On his level of concern that the relationship between the Leafs and Marner could be permanently strained:
“In the end, these [stalemates] happen. With William, there were some heated times as well, but that relationship is excellent. I have faith with all these things that once it comes to a solution, we’ll probably have to have a very blunt discussion about things and then we’ll carry on. There are going to be no grudges from our end whatsoever.”
On maintaining confidence a deal with Marner will be struck:
“I’ll stick with the same answer I’ve given for a long time – I’m optimistic that we will [get him signed]. You don’t want to envision the team missing players at any point, and we’re hopeful to get it done. I would feel a little differently personally if there weren’t other situations around the league that were sort of in the same stalemate position [with unsigned RFAs]. I think that will influence things as well.”
On whether the Leafs will name a captain at some point during training camp:
“I don’t know. That’s the most honest answer I can give. We talk about it frequently, and I think a lot of it is driven by the fact that [the media] likes to talk about it.

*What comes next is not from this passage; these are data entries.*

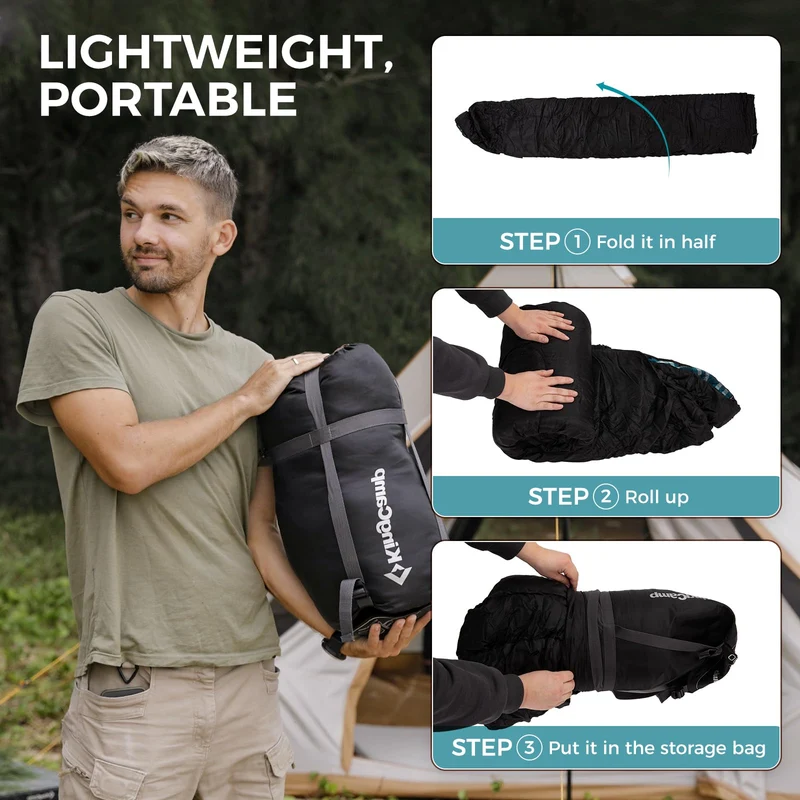 KingCamp CLOUDY 300 Flannel Lined Sleeping Bag – 300g Insulated, Waterproof & Extra Wide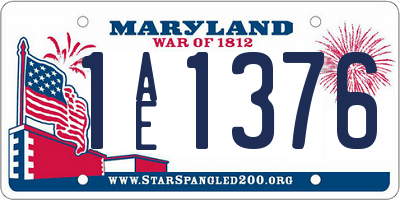 MD license plate 1AE1376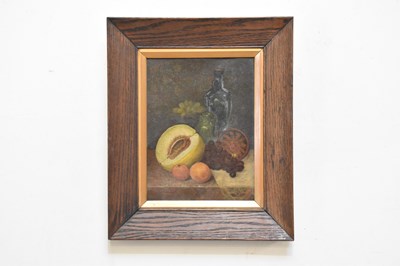 Lot 1929 - J MUNDAY; oil on board, still life of fruit...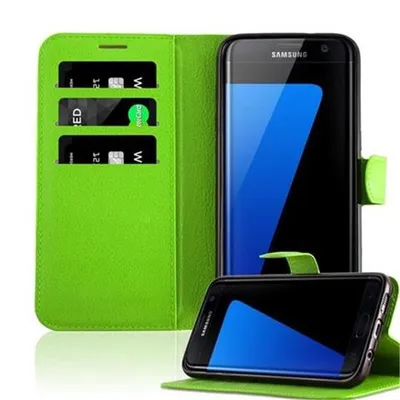 Obrázok produktu pre Cadorabo puzdro pre Samsung Galaxy S7 EDGE ochranné puzdro v zelenej farbe puzdro na mobilný telefón kryt magnetické zatváranie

A year ago, I stood here and had different conversations where I didn’t think it was the most important thing. I think now, having gone through a season with the group [as GM], we have a great number of leaders in [the room] and they are all independently capable of doing the job. The one thing we don’t want to do is rush just to make it happen and say it’s done and do it now versus waiting until we’re absolutely 100 per cent sure and then regret that decision later. So we’re just going to be absolutely certain about that because it’s an important thing to the community and the organization.”

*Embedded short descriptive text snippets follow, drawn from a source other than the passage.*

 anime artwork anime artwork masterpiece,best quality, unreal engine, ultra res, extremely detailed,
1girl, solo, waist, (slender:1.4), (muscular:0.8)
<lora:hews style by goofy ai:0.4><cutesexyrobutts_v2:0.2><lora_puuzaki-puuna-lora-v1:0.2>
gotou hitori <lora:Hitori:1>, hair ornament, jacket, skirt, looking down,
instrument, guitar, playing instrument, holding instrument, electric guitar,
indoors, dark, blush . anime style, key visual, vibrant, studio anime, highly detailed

On the state of his relationship with head coach Mike Babcock:
“We talk every day – sometimes multiple times per day. After the first three years here together, where I was in a different role [as assistant GM], you obviously get to know each other. [But] you aren’t working as closely as we did last season, so you take last season and you begin to get used to each other and then at the end of the year reflect on how it went. I think it went great. We disagree, as any coach and GM do, a lot; we agree on a lot of things and work though it all. The key thing is, on the areas where you disagree, you respect one another and work through all that and I think we’ve worked on that throughout the season and through the summer just with some honest discussions. It’s been very, very enjoyable and I’m excited for the season with him.”

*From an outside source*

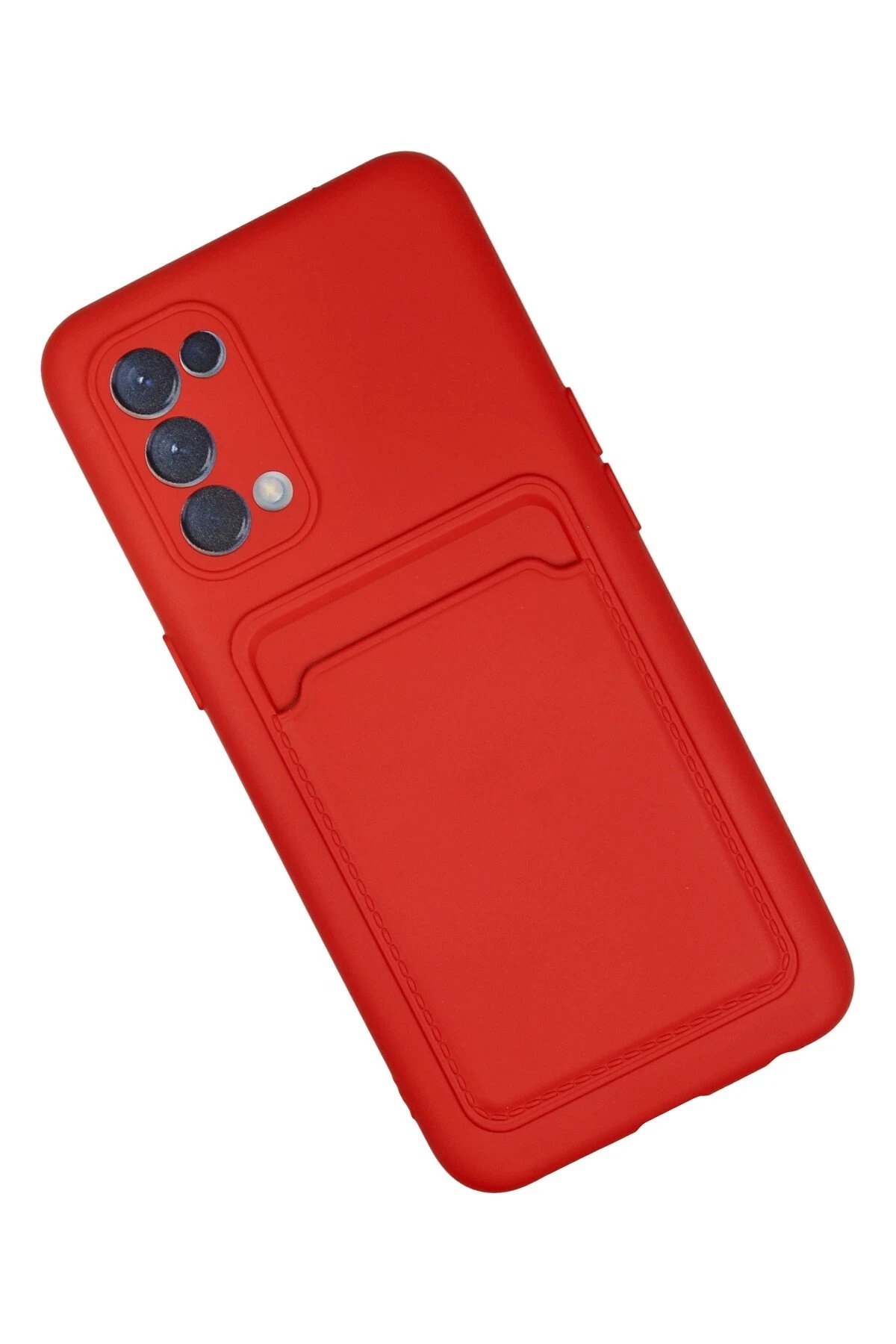 Newface Oppo Reno 5 Kılıf Kelvin Kartvizitli Silikon - Kırmızı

On whether the Leafs made enough off-season additions to compete for the Stanley Cup:
“I know it disappoints a lot of people, but I don’t ever look at it as, ‘Can this roster do X?’ It’s really, ‘Can this roster give us chances to accomplish those types of things?’ Can the roster that’s put together at the beginning of the year get better each day throughout and each game throughout and weather different storms and adversity that come its way during the season and roll from there? Mike has proven he’s a coach capable of winning the Stanley Cup. He’s been to the final on two other occasions, and gone to Game 7 in both of those. I know the coaching staff and with their work ethic and preparation…are going to do their part and I have a lot of faith in the core of the group that they’re going to do theirs as well. In the end, you hope you get some [good] fortune and step up in key moments and it results in success.”